YOUR TASK>
With the pictures left out, print exactly the lines below that run from the one containing "Гимнокалициум (Gymnocalycium)" through the one containing "A large American".

DATA SHOWN>
■ ■ ■
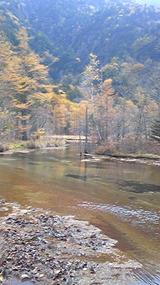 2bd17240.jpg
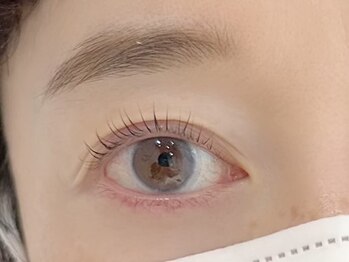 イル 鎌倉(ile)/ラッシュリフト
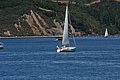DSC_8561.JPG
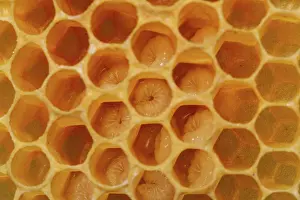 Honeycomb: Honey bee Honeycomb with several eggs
■ ■ ■
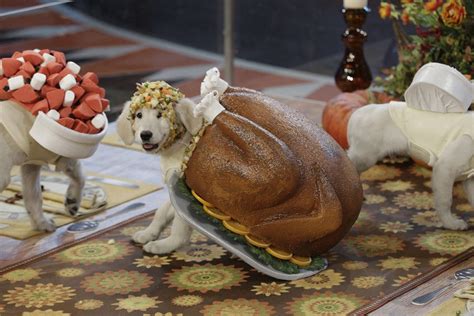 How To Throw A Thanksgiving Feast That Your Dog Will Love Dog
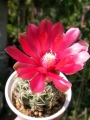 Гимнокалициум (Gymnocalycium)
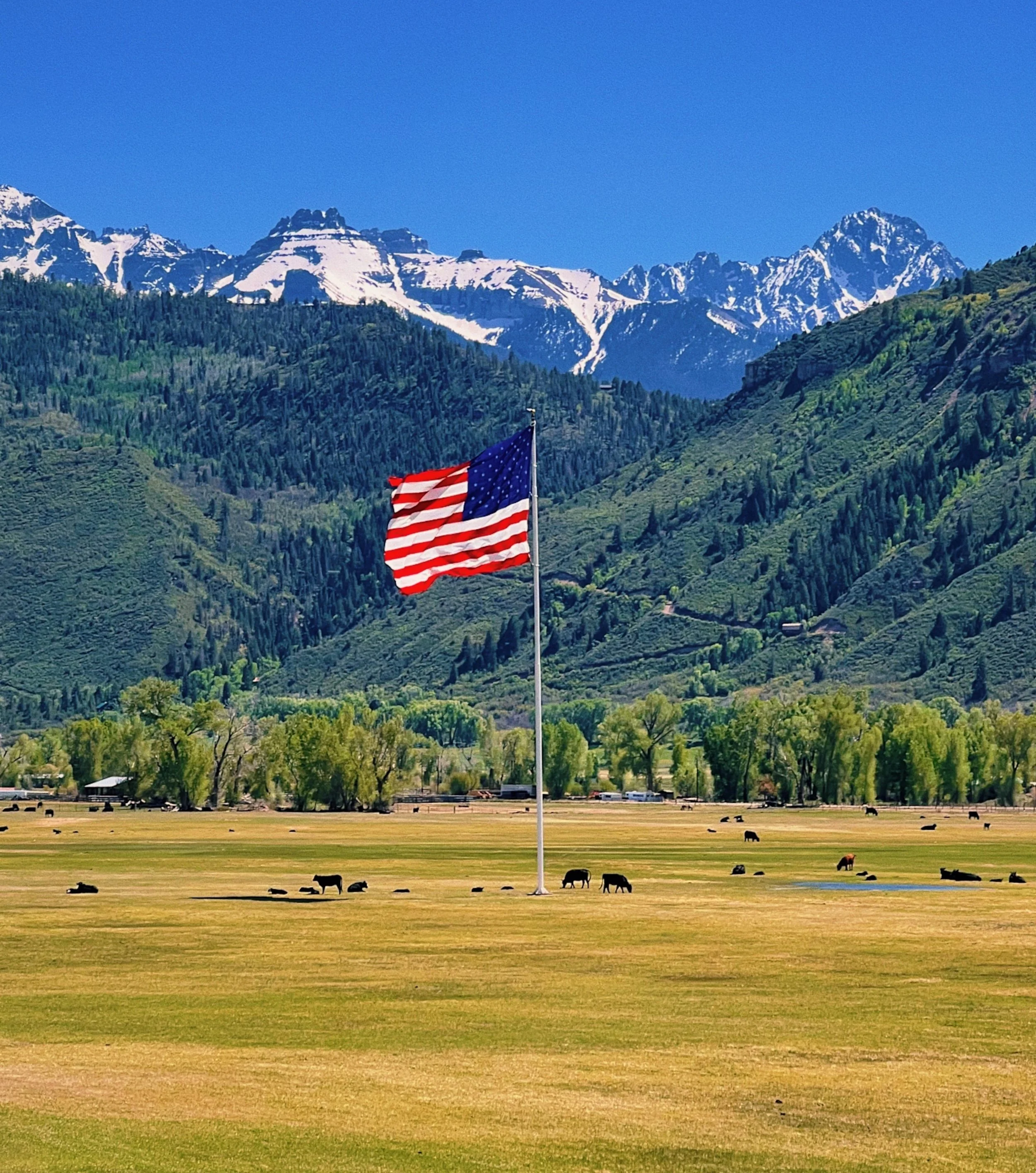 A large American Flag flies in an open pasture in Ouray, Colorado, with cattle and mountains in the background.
■ ■ ■
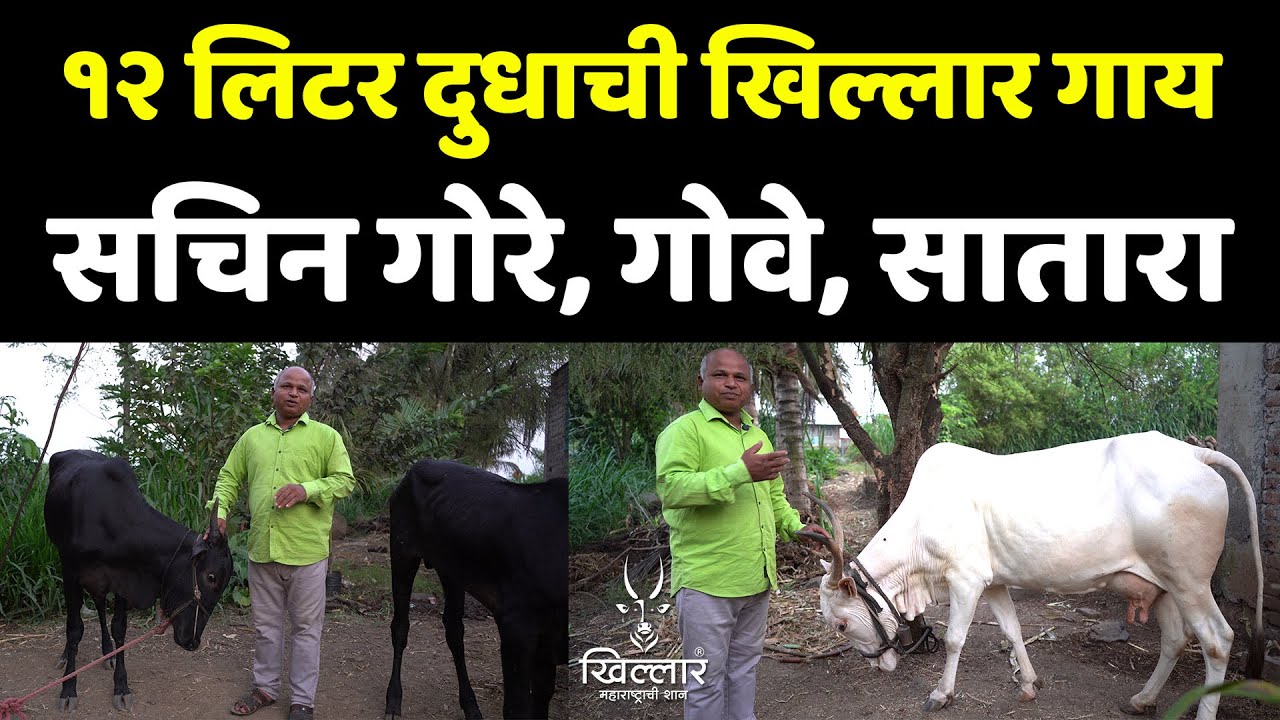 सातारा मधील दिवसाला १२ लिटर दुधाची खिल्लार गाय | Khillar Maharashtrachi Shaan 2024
■ ■ ■
RESPONSE TO THIS EXERCISE>
 Гимнокалициум (Gymnocalycium)
 A large American Flag flies in an open pasture in Ouray, Colorado, with cattle and mountains in the background.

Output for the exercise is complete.